Entries provided:
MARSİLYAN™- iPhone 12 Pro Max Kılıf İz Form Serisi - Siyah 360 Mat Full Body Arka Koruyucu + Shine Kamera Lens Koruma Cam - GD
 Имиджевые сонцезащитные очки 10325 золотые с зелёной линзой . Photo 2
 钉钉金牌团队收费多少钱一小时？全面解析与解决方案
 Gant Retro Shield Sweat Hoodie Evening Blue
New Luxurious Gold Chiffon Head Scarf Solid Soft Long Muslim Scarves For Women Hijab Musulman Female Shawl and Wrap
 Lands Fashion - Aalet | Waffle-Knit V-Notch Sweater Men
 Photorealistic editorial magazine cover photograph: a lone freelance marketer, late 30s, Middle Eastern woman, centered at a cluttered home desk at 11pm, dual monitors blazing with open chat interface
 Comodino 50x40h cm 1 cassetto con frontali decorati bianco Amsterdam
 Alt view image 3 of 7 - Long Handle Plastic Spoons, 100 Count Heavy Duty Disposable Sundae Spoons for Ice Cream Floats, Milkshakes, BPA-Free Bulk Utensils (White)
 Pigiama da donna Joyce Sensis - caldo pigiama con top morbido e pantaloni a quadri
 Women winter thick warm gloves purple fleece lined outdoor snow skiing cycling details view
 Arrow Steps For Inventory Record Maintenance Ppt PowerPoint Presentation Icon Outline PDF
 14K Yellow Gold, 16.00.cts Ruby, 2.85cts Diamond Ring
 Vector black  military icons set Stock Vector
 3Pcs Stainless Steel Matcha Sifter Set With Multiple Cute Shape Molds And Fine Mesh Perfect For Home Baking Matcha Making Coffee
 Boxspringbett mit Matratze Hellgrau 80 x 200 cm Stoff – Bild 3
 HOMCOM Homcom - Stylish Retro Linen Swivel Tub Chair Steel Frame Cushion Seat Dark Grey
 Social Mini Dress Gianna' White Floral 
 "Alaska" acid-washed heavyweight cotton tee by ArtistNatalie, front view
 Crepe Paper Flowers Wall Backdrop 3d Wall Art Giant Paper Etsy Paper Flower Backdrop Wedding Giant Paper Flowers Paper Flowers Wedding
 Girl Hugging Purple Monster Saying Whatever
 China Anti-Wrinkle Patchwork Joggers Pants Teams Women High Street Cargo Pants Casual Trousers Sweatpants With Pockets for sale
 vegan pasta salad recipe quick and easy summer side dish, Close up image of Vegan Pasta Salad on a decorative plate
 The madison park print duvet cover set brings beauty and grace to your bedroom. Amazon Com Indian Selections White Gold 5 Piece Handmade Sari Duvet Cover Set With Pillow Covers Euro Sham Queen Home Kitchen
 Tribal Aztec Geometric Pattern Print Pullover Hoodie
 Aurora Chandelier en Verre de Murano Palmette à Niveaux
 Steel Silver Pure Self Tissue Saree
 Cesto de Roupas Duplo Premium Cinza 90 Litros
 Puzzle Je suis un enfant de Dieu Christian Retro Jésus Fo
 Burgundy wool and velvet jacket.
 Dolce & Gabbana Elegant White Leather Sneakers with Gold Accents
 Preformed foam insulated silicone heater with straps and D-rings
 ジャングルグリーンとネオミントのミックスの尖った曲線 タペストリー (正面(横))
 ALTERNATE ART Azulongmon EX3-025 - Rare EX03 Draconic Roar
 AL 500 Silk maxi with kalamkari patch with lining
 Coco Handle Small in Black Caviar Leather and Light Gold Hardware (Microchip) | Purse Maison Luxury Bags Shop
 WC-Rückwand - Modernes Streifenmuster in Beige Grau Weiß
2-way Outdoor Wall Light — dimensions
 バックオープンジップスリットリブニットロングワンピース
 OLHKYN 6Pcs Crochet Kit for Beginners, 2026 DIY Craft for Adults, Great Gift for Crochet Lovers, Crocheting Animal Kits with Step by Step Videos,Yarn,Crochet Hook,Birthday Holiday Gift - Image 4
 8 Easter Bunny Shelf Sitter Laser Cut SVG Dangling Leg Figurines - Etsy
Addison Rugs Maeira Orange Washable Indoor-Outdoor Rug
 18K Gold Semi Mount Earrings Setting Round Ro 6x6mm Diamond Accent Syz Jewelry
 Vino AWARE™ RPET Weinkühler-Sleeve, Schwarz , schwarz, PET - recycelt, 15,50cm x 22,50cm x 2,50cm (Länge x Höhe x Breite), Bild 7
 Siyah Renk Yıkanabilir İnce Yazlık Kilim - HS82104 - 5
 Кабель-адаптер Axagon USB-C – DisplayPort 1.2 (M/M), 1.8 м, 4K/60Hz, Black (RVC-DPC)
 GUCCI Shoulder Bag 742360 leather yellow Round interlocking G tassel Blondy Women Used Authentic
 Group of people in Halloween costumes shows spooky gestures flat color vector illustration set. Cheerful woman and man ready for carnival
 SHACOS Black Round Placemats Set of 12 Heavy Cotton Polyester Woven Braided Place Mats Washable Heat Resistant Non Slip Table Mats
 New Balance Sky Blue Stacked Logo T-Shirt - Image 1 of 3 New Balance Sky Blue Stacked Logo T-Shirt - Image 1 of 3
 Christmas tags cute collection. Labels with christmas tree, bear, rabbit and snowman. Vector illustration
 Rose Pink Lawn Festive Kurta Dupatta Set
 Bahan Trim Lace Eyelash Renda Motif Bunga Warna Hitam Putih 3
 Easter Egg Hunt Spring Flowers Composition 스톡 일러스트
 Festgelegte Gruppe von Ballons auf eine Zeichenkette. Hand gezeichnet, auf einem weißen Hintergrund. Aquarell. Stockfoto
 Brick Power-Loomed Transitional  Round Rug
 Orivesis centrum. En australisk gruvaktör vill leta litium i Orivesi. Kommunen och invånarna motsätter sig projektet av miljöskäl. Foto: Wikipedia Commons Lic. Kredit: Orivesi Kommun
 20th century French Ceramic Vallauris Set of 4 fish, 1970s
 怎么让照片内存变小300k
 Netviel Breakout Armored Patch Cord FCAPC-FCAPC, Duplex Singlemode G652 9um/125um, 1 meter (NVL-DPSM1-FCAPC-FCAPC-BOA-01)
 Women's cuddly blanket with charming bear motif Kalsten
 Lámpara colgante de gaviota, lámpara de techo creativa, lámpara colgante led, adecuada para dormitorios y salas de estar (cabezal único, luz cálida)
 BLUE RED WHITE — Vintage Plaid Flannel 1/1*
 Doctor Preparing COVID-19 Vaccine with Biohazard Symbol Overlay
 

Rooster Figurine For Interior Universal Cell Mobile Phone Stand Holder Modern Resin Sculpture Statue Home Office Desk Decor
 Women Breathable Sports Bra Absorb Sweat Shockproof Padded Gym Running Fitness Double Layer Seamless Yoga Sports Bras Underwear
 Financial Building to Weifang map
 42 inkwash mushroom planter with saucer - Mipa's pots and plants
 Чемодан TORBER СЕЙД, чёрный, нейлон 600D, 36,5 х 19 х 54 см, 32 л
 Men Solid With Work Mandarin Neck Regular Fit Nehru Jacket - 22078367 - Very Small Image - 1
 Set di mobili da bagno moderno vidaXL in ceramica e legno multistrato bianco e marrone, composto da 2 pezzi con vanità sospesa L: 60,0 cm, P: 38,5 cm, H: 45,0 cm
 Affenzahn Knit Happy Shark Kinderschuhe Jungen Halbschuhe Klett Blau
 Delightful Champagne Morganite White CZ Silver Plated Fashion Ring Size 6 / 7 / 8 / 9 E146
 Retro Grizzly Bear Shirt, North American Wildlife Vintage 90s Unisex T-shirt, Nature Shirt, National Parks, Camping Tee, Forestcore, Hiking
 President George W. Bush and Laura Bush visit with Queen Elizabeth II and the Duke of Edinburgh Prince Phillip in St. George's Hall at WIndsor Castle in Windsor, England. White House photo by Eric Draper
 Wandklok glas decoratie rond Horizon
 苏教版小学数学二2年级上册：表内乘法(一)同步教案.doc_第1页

Exercise: Only what runs from the line containing "Affenzahn Knit Happy" through the final line of the entries above belongs in the answer, restated exactly.

Written answer:
 Affenzahn Knit Happy Shark Kinderschuhe Jungen Halbschuhe Klett Blau
 Delightful Champagne Morganite White CZ Silver Plated Fashion Ring Size 6 / 7 / 8 / 9 E146
 Retro Grizzly Bear Shirt, North American Wildlife Vintage 90s Unisex T-shirt, Nature Shirt, National Parks, Camping Tee, Forestcore, Hiking
 President George W. Bush and Laura Bush visit with Queen Elizabeth II and the Duke of Edinburgh Prince Phillip in St. George's Hall at WIndsor Castle in Windsor, England. White House photo by Eric Draper
 Wandklok glas decoratie rond Horizon
 苏教版小学数学二2年级上册：表内乘法(一)同步教案.doc_第1页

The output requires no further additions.